====== Dataset entries

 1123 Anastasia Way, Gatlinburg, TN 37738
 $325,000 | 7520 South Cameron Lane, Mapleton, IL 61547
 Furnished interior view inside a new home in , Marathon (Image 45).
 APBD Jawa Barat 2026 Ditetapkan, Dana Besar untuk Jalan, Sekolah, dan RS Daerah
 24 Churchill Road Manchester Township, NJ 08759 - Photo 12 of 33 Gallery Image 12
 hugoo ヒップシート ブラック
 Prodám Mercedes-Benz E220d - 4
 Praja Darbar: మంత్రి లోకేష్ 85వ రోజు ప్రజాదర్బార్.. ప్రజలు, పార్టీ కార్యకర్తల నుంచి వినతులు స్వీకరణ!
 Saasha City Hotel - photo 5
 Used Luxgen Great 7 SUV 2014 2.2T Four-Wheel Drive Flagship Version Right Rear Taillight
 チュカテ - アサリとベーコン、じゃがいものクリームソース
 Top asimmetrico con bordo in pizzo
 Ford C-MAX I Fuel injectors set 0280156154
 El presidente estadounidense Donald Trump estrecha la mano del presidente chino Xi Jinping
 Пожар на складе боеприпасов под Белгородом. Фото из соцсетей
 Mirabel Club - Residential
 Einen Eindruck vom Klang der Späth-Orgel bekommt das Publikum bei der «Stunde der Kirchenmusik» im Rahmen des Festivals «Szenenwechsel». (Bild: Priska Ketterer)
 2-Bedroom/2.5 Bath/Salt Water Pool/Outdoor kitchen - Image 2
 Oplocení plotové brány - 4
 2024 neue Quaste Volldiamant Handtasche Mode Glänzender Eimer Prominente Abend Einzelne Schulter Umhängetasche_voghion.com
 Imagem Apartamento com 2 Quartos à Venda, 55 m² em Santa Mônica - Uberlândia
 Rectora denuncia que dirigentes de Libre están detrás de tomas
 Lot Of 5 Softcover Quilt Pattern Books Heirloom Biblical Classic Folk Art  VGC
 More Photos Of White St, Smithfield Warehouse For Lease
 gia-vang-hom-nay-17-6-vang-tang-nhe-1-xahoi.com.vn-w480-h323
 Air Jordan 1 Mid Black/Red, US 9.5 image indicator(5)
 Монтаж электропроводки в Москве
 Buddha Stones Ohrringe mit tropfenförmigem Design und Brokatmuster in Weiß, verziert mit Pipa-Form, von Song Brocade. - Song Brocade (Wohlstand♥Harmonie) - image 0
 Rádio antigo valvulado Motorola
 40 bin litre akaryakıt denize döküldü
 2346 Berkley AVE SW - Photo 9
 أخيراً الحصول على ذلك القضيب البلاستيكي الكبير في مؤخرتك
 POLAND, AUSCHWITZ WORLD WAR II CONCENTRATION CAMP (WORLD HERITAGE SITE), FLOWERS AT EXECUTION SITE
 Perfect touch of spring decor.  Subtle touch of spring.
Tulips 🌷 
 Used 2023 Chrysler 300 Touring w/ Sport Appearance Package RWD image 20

============

Work item: In the listing above, find the line with "Prodám Mercedes-Benz E220d - 4" and the line with "Rectora denuncia que". Output those two lines and every line between them, exactly as written.

Solution for this task:
 Prodám Mercedes-Benz E220d - 4
 Praja Darbar: మంత్రి లోకేష్ 85వ రోజు ప్రజాదర్బార్.. ప్రజలు, పార్టీ కార్యకర్తల నుంచి వినతులు స్వీకరణ!
 Saasha City Hotel - photo 5
 Used Luxgen Great 7 SUV 2014 2.2T Four-Wheel Drive Flagship Version Right Rear Taillight
 チュカテ - アサリとベーコン、じゃがいものクリームソース
 Top asimmetrico con bordo in pizzo
 Ford C-MAX I Fuel injectors set 0280156154
 El presidente estadounidense Donald Trump estrecha la mano del presidente chino Xi Jinping
 Пожар на складе боеприпасов под Белгородом. Фото из соцсетей
 Mirabel Club - Residential
 Einen Eindruck vom Klang der Späth-Orgel bekommt das Publikum bei der «Stunde der Kirchenmusik» im Rahmen des Festivals «Szenenwechsel». (Bild: Priska Ketterer)
 2-Bedroom/2.5 Bath/Salt Water Pool/Outdoor kitchen - Image 2
 Oplocení plotové brány - 4
 2024 neue Quaste Volldiamant Handtasche Mode Glänzender Eimer Prominente Abend Einzelne Schulter Umhängetasche_voghion.com
 Imagem Apartamento com 2 Quartos à Venda, 55 m² em Santa Mônica - Uberlândia
 Rectora denuncia que dirigentes de Libre están detrás de tomas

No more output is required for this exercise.